Recorded information
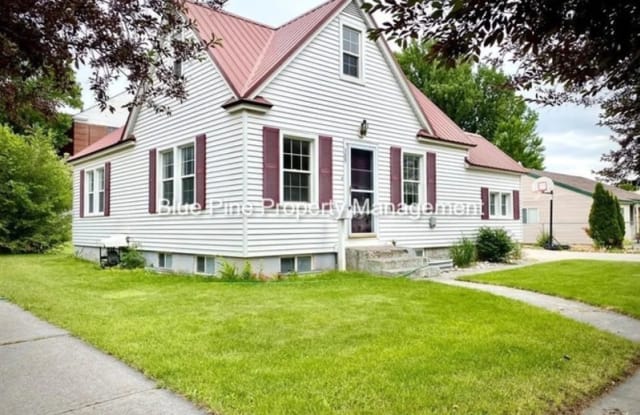 309 South Milton Avenue photos photos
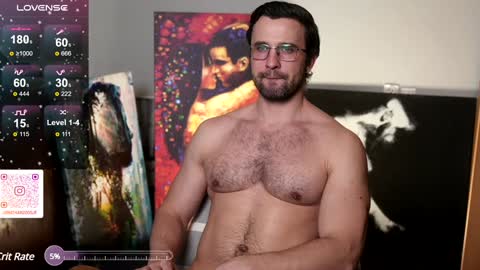 Snapshot of jonathanfranz123 chatting on 01/20/25, 08:41 jonathanfranz123 online show from 01/20/25, 08:41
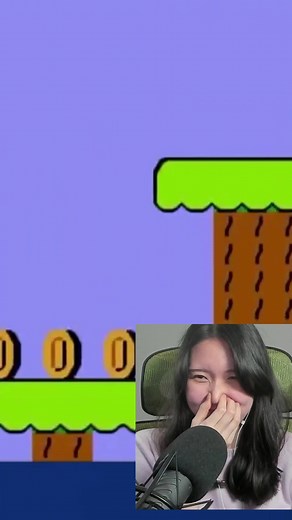 Mario Jump Sound Effects in Retro Gaming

Action item
Output all data exactly, omitting images.

Task answer
 309 South Milton Avenue photos photos
 Snapshot of jonathanfranz123 chatting on 01/20/25, 08:41 jonathanfranz123 online show from 01/20/25, 08:41
 Mario Jump Sound Effects in Retro Gaming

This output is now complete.